Glyphs of Time :: a blog by jarvis grant

September 29, 2010

The Occasional Student

This past week, I had an opportunity to sit in on several Photography Portfolio Reviews with students at the Art Institute of Washington. The Institute has a great photographic imaging program that was built from the ground up, not one refitted onto a traditional photography program. It was odd not smelling fixer as I walked through its hallways. These students have all of the latest hardware and software at their disposal. It was interesting to see that with all this technology and a terrific faculty in place they were still like the students I had at Howard University back in the 1980s & 90s! No comment on my high school art students at the Ellington School of the Arts during the past ten years! So, nothing really changed except the tools they were inundated with learning. Very interesting.

When going over the work of these students and in conversation with them, I thought back on a couple of students I worked with as a freelance instructor for Panasonic’s Digital Photo Academy. These were two guys were my peers in age that loved photography, and just kinda did it “on the side”. I was teaching or instructing an Advance Photography class from 9:00AM to 5:00PM. After a brief introduction at Starbucks, I took them to the National Cathedral here in Washington, DC. We shot for six hours straight, with no break! Six hours without any whining, just non-stop photography.

Mike, going for the shot

Mike, going for the shot!

They asked a lot of questions about photography, as well as, telling lots of stories about their photographic and non-photographic lives. As photo enthusiast, that brought all of their photo equipment, so they could be “ready” for anything. The first thing I did was to have them travel light. No more than two lenses and a tripod. They were amazed that the only camera I brought my Panasonic LX3. But I also brought some Lensbaby stuff for them to use and my laptop. We never even used that Lensbaby stuff, no time, they were in The Zone.

Steve using the Cathedral as the background element

Steve, using the Cathedral as the background element.

At the end of the day we were in the Cathedral’s Observation Deck that has a great view of DC, Maryland, and Virginia! I pulled out my laptop and went over their photos, and showed a couple of very quick Photoshop processing tricks. Gave them both a “Goodies Disk”, like I get at Photoshop World, and a little “homework” assignment to make a Blurb book from their photos. Then we all limped off into the sunset. It was a great day of photography.

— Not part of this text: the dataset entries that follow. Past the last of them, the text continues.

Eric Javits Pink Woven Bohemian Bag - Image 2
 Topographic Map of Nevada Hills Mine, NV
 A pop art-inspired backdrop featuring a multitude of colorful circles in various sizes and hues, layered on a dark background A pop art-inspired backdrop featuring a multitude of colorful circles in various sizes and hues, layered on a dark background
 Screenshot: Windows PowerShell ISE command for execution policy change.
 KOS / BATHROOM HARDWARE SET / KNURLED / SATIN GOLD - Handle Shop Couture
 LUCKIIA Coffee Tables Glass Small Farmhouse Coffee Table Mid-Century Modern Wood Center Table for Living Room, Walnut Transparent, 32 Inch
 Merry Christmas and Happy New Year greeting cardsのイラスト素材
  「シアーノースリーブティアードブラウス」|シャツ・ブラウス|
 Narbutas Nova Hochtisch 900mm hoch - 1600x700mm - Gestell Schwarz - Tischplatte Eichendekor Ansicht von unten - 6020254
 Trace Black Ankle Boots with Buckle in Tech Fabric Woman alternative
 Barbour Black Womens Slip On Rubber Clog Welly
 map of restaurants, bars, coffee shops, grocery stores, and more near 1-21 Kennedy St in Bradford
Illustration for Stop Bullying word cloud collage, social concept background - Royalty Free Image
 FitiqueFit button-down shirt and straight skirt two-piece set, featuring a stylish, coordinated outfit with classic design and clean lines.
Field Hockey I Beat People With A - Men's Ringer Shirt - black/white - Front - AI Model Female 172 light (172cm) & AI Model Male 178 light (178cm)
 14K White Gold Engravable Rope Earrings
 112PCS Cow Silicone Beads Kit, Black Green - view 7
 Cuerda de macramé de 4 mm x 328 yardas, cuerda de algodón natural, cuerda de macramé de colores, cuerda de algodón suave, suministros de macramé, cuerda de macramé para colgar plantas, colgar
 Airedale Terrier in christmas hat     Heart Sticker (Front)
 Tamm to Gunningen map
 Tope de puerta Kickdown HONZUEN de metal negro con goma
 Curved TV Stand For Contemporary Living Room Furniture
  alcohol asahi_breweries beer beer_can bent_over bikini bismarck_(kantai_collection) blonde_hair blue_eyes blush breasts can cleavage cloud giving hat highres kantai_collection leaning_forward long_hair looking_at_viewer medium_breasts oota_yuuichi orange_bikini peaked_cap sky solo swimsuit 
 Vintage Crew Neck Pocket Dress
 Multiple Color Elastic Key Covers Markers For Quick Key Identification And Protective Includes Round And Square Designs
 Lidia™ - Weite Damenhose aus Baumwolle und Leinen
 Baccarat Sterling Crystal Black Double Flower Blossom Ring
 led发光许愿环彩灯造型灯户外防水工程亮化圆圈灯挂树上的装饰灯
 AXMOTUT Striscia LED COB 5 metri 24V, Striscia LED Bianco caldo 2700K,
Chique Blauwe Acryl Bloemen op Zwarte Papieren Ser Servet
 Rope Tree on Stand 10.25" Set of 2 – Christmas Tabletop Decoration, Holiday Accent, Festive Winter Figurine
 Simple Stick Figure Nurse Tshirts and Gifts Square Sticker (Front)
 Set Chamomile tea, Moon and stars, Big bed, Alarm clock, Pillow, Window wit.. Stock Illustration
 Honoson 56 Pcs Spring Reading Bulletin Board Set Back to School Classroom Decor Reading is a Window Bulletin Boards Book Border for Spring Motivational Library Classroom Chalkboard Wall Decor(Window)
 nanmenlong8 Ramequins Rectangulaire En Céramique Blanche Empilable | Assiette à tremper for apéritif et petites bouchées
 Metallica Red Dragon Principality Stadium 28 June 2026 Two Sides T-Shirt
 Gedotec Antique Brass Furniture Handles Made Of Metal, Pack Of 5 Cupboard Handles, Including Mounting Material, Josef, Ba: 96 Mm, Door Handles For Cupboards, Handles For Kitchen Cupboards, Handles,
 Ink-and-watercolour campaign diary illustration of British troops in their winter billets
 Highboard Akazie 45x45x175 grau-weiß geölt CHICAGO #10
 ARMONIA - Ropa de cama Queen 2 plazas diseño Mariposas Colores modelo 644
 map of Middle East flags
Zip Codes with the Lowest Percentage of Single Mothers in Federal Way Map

Those guys, Mike & Steve, were just the kind of Photography students you want. They love photography, and the gadgets and toys that come with it. Most of all they were open, I mean wide open, to the vocabulary of artist vision in hearing and listening to their creative voice. That’s something that the full time student doesn’t do, but the occasional student is actually hungry for. I commented to Mike about this, and his response was, “Hey, here you’re not babysitting! We want to learn.”

Well they’re ready for my Photoshop class, and so am I. I’m looking forward to my next photography classroom, filled with occasional students.